# Data Exploration 03

You're working on an exhibit for a local museum called "The Titanic Disaster". They've asked you to analyze the passenger manifests and see if you can find any interesting information for the exhibit. 

The museum curator is particularly interested in why some people might have been more likely to survive than others.

## Part 1: Import Pandas and load the data

Remember to import Pandas the conventional way. If you've forgotten how, you may want to review [Data Exploration 01](https://byui-cse.github.io/cse450-course/module-01/exploration-01.html).

The dataset for this exploration is stored at the following url:

`https://raw.githubusercontent.com/byui-cse/cse450-course/master/data/titanic.csv`

There are lots of ways to load data into your workspace. The easiest way in this case is to [ask Pandas to do it for you](https://pandas.pydata.org/docs/getting_started/intro_tutorials/02_read_write.html).

### Initial Data Analysis
Once you've loaded the data, it's a good idea to poke around a little bit to find out what you're dealing with.

Some questions you might ask include:

* What does the data look like?
* What kind of data is in each column? 
* Do any of the columns have missing values? 

In [None]:
# Part 1: Enter your code below to import Pandas according to the 
# conventional method. Then load the dataset into a Pandas dataframe.


# Write any code needed to explore the data by seeing what the first few 
# rows look like. Then display a technical summary of the data to determine
# the data types of each column, and which columns have missing data.

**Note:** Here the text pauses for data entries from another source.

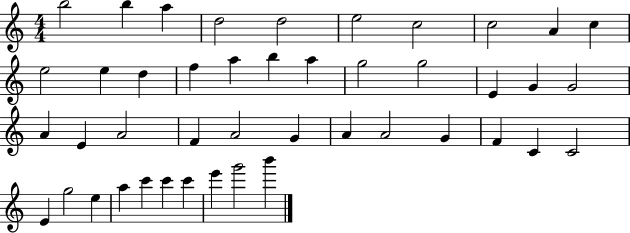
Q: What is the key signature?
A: C major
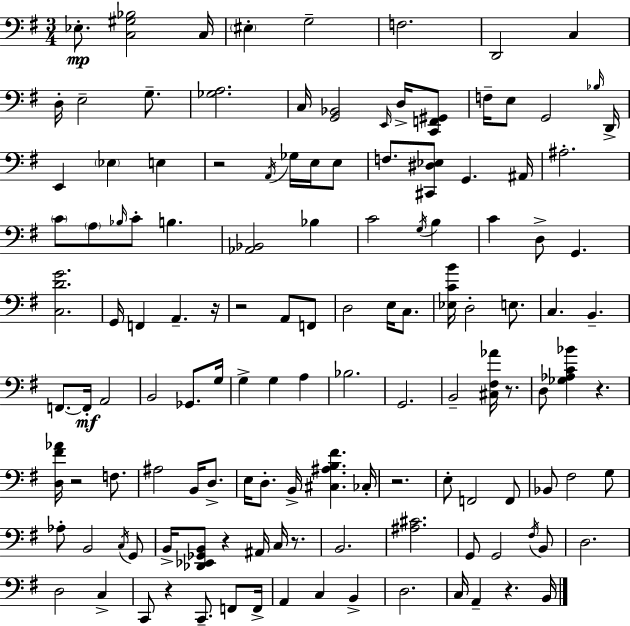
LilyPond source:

{
  \clef bass
  \numericTimeSignature
  \time 3/4
  \key e \minor
  \repeat volta 2 { ees8.-.\mp <c gis bes>2 c16 | \parenthesize eis4-. g2-- | f2. | d,2 c4 | \break d16-. e2-- g8.-- | <ges a>2. | c16 <g, bes,>2 \grace { e,16 } d16-> <c, f, gis,>8 | f16-- e8 g,2 | \break \grace { bes16 } d,16-> e,4 \parenthesize ees4 e4 | r2 \acciaccatura { a,16 } ges16 | e16 e8 f8. <cis, dis ees>8 g,4. | ais,16 ais2.-. | \break \parenthesize c'8 \parenthesize a8 \grace { bes16 } c'8-. b4. | <aes, bes,>2 | bes4 c'2 | \acciaccatura { g16 } b4 c'4 d8-> g,4. | \break <c d' g'>2. | g,16 f,4 a,4.-- | r16 r2 | a,8 f,8 d2 | \break e16 c8. <ees c' b'>16 d2-. | e8. c4. b,4.-- | f,8.~~ f,16-.\mf a,2 | b,2 | \break ges,8. g16 g4-> g4 | a4 bes2. | g,2. | b,2-- | \break <cis fis aes'>16 r8. d8 <ges aes c' bes'>4 r4. | <d fis' aes'>16 r2 | f8. ais2 | b,16 d8.-> e16 d8.-. b,16-> <cis ais b fis'>4. | \break ces16-. r2. | e8-. f,2 | f,8 bes,8 fis2 | g8 aes8-. b,2 | \break \acciaccatura { c16 } g,8 b,16-> <des, ees, ges, b,>8 r4 | ais,16 c16 r8. b,2. | <ais cis'>2. | g,8 g,2 | \break \acciaccatura { fis16 } b,8 d2. | d2 | c4-> c,8 r4 | c,8.-- f,8 f,16-> a,4 c4 | \break b,4-> d2. | c16 a,4-- | r4. b,16 } \bar "|."
}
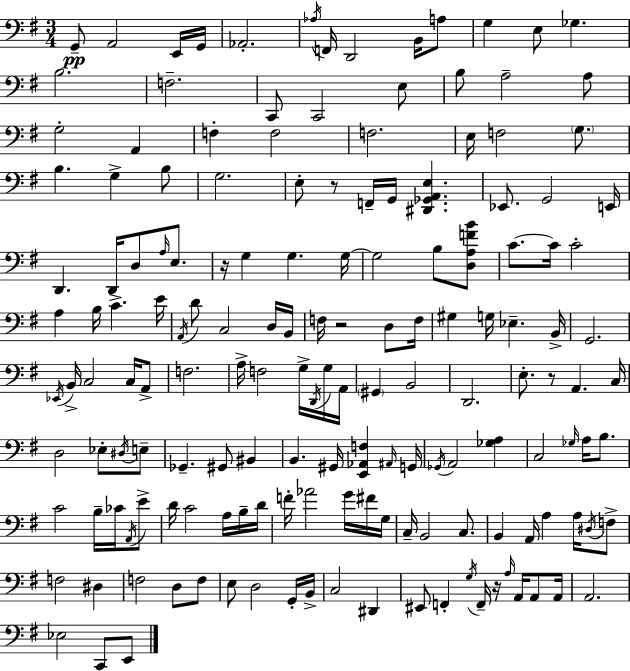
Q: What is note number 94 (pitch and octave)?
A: BIS2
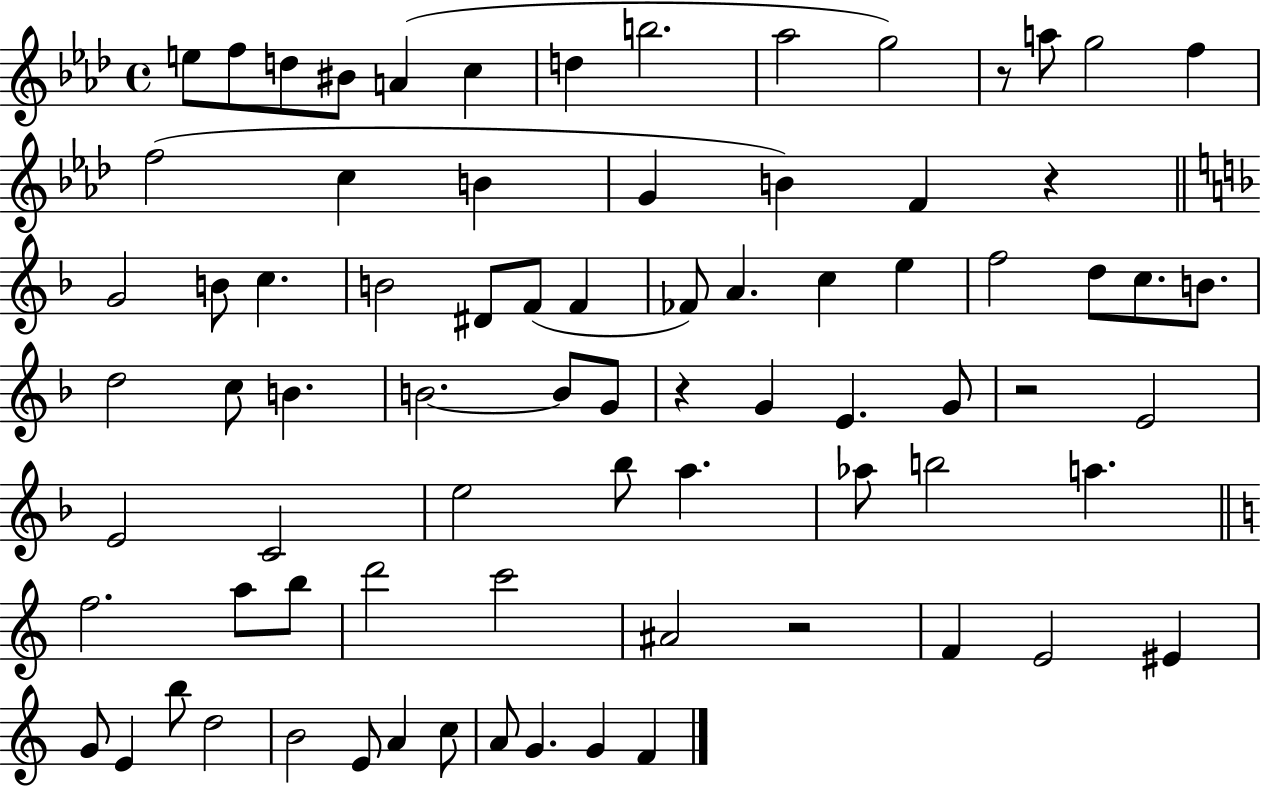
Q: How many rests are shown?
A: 5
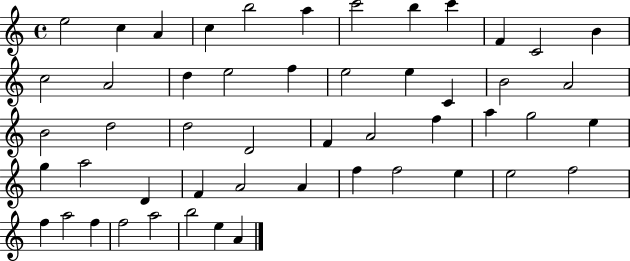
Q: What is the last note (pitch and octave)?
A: A4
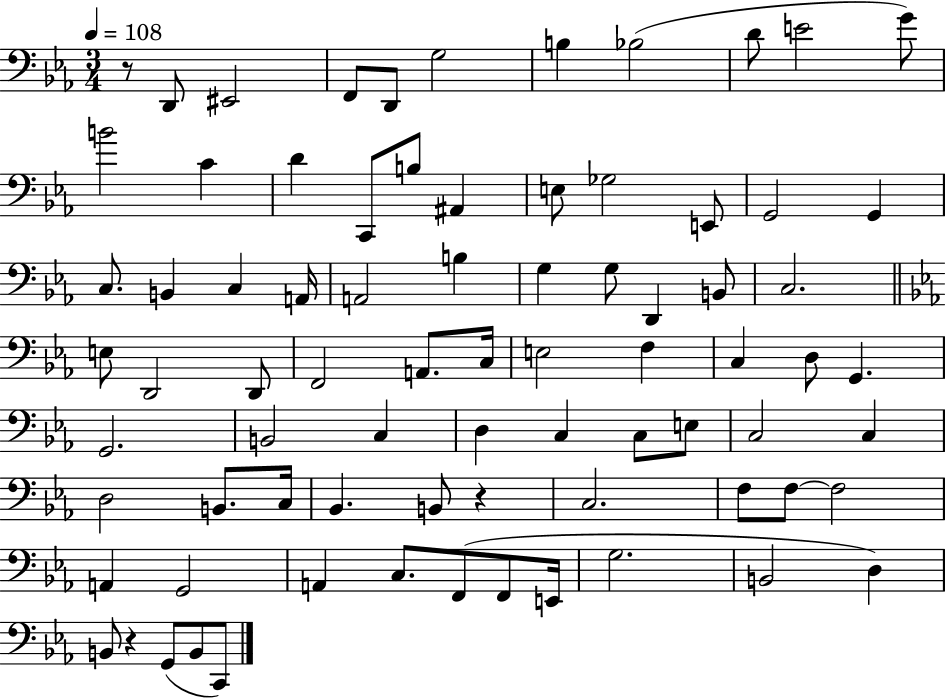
R/e D2/e EIS2/h F2/e D2/e G3/h B3/q Bb3/h D4/e E4/h G4/e B4/h C4/q D4/q C2/e B3/e A#2/q E3/e Gb3/h E2/e G2/h G2/q C3/e. B2/q C3/q A2/s A2/h B3/q G3/q G3/e D2/q B2/e C3/h. E3/e D2/h D2/e F2/h A2/e. C3/s E3/h F3/q C3/q D3/e G2/q. G2/h. B2/h C3/q D3/q C3/q C3/e E3/e C3/h C3/q D3/h B2/e. C3/s Bb2/q. B2/e R/q C3/h. F3/e F3/e F3/h A2/q G2/h A2/q C3/e. F2/e F2/e E2/s G3/h. B2/h D3/q B2/e R/q G2/e B2/e C2/e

## Part 2: Initial Exploration

Using seaborn, let's first look at some features in isolation. Generate visualizations showing:

- A comparison of the total number of passengers who survived compared to those that died.
- A comparison of the total number of males compared to females
- A histogram showing the distribution of sibling/spouse counts
- A histogram showing the distribution of parent/child counts

In [None]:
# Part 2: # Import the seaborn library the conventional way. Then optionally 
# configure the default chart style. Then, write the code needed to generate 
# the visualizations specified.
 


## Part 3: Pairwise Comparisons

Create a subset of data containing only the qualitative columns. (But remember the warning given in the [Features in Disguise aside in Reading 02](https://byui-cse.github.io/cse450-course/module-01/preparation-02.html)).

Use Seaborn's [Pairwise Relationships Plot](https://seaborn.pydata.org/tutorial/distributions.html#visualizing-pairwise-relationships-in-a-dataset) to find any interesting relationships between these features.



In [None]:
# Write the code to show the pairwise relationships between the columns you selected.



### Adding another dimension

Use the `hue` variable of the pairplot function to visualize how the distributions vary based on whether or not the passenger survived.

Try using other values for hue to see if it makes a difference.

In [None]:
# Write the code below to visualize the pairwise distributions based on whether 
# or not the passenger surived. Try using other values for hue to see if it makes
# a difference.

## Part 4: Feature Engineering

The museum curator wonders if the passenger's rank and title might have anything to do with whether or not they survived. Since this information is embedded in their name, we'll use "feature engineering" to create two new columns:

- Title: The passenger's title
- Rank: A boolean (true/false) indicating if a passenger was someone of rank.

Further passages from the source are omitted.